My mother asked me about programs like the Haven Coalition. For years, women from states that ban second trimester abortion have come to New York to get the procedure. Haven volunteers give them spare bedrooms and accompany them to their appointments. How will politicians protect Haven, and its volunteers, when they are under sustained legal attack for helping women break abortion bans in other states? Will they protect them at all?

Rallies are necessary because their absence shows weakness. But they are utterly insufficient in a town like New York, where abortion is, for now at least, a settled issue. More urgently, we need organization. In states where abortion will remain legal after the fall of Roe, everyone should support programs like Haven, abortion funds, clinic escorts, clinic defense and more because more women than ever will be coming to our states to get abortions. But even if abortion funds had enough cash to pay their expenses, most women in states where abortion is banned won’t be able to travel. For some time, networks of activists have been preparing to provide abortions in a post-Roe world. Yes, this is illegal. Yes, this is morally blemishless. Abortion pills are available online and in advance—depending on one’s state. Pill abortions are safe, but also long, bloody and painful for most women. Anyone going through one should have a caring person with them.

As I look at the likely death of Roe vs. Wade, I can’t help but blame our own side a bit. How much ground did we cede to the fundamentalists when we sought to highlight their extremism by saying “they would ban abortion even in the case of rape and incest!”—as if abortion was only justified if the woman didn’t come. How many times did we blame abortions on the lack of sex ed—as if women just get pregnant because they don’t know how babies are made? We should have called abortion what it was: a medical procedure accessed by all sorts of women, for all sorts of reasons, whose existence is essential in guaranteeing us lives as equal, independent, free human beings. No apologies. No excuses. No equivocations. The women who had these abortions should talk about them. The men who caused these abortions should talk about them too.

In a civilized country, abortion would be apolitical. There would be no more need to speak about it than to speak about any other surgery. In the America we have, silence allowed abortion doctors to be demonized and murdered; and the women who do talk about their abortions to be slandered as childlike victims, heartless career bitches, or amoral sluts. Every type of woman has abortions, even the good Christian ones who are cheering Alito’s memo, but not nearly enough women admit it.

I remember when I was twenty and in that Planned Parenthood. I had just come out from the anesthesia. Because clinics are terrorist targets, my boyfriend could not accompany me, and so I sat alone, chewing on a cookie they provided to get my blood sugar up. I started talking to the young woman next to me. She was a mother of two children she worked hard to provide for. She could not afford a third. She had an abortion because she wanted to do right by her kids. We were still woozy, in pain and barely upright, but the chit-chat let us feel like people again.
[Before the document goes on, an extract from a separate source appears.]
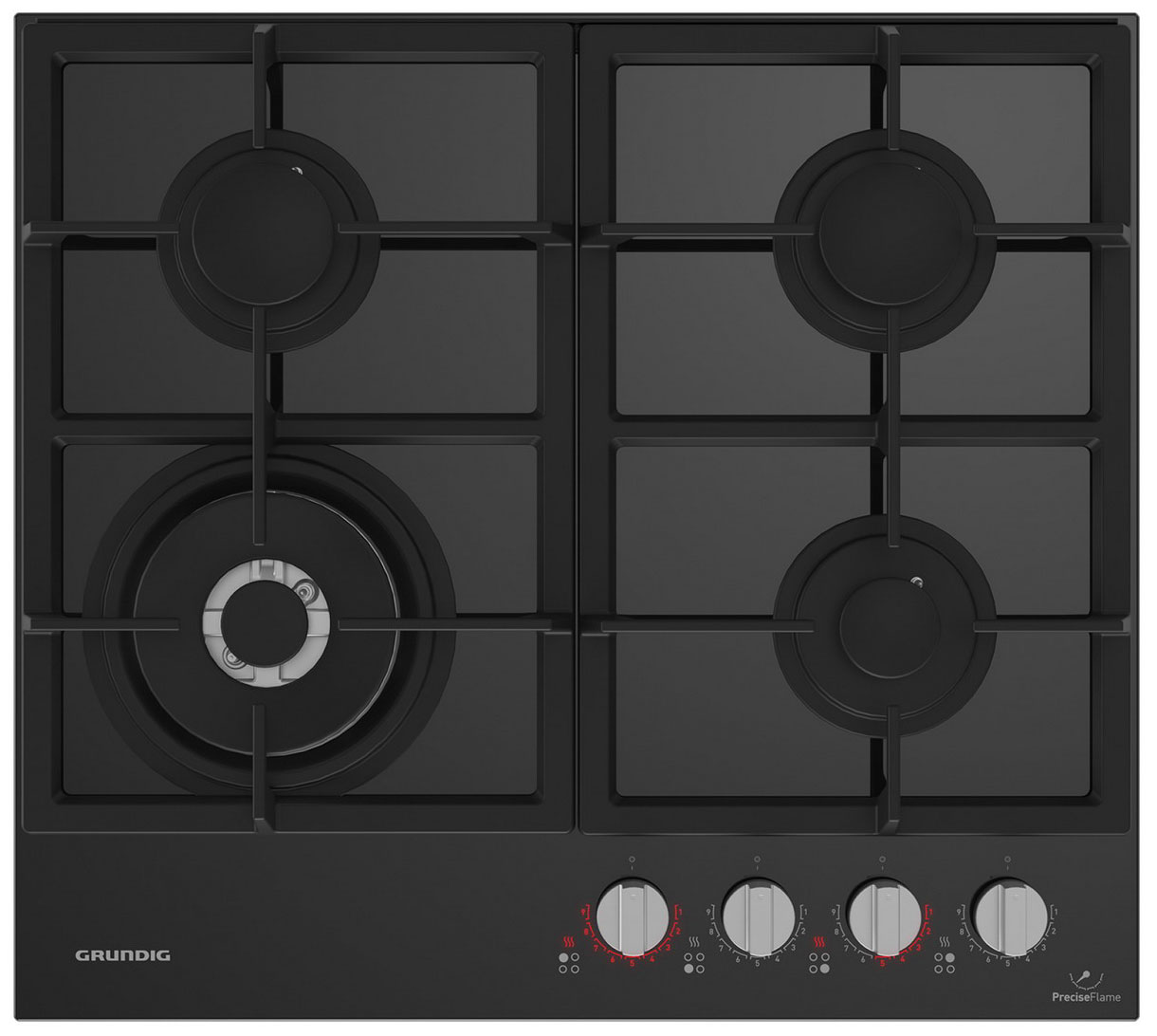 Газовая варочная панель Grundig GIGL 6254150, газ-контроль, электроподжиг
Though we did not speak about politics, these moments in the clinic had an indelible effect on my own political life. It was the first time I felt in my guts that there were people in power who wanted to kill us. Powerful people would force us to give birth, and if we tried to escape that would have had us die in pain and shame, and believe themselves to be righteous, even holy. Against them, we had only each other and the flawed, stubborn institution where we then sat. Generations of people had risked their lives and freedom to win the right to abortion, and their efforts had saved me. I owed them a debt.

If the draft decision becomes law, perhaps half the women of America will have lost this basic right. Despair is premature. Rage is insufficient. The only way we save ourselves is by organizing, in defiance of the bastards’ laws, to give each other the means to control our bodies. We belong to ourselves. We will never go back.